Dataset content
- - -
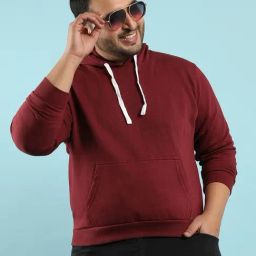 Instafab Plus Maroon Cotton Regular fit Plus Size Hooded Sweatshirt-picture-9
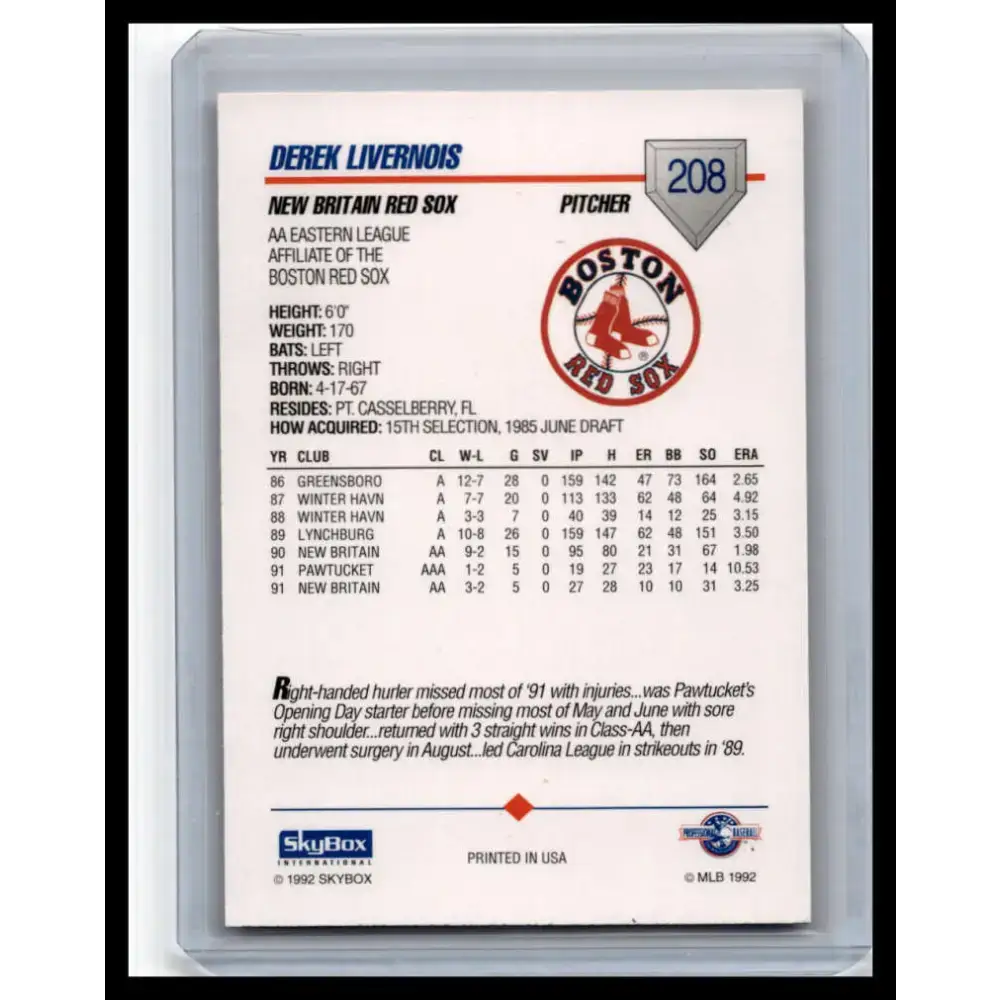 1992 Skybox AA #208 Derek Livernois New Britain Red Sox NM-MT Baseball Card - Baseball Card Single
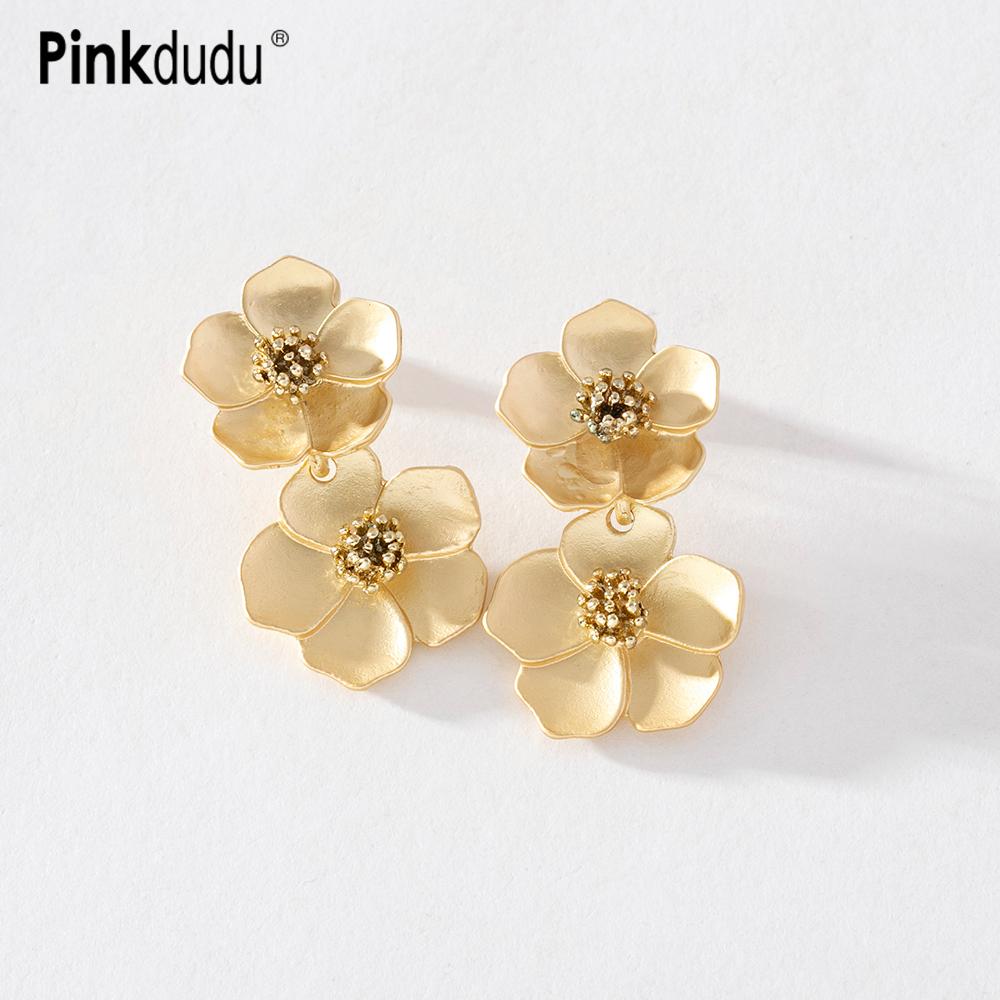 Fashion Sweet Colorful Multilayer Flower Drop Earrings Simple Alloy Lacquer Earrings for Women Jewelry Gifts PD722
- - -
Goal of the exercise
Your response must consist of the material above, reproduced word for word, with the images omitted.

Answer box
 Instafab Plus Maroon Cotton Regular fit Plus Size Hooded Sweatshirt-picture-9
 1992 Skybox AA #208 Derek Livernois New Britain Red Sox NM-MT Baseball Card - Baseball Card Single
 Fashion Sweet Colorful Multilayer Flower Drop Earrings Simple Alloy Lacquer Earrings for Women Jewelry Gifts PD722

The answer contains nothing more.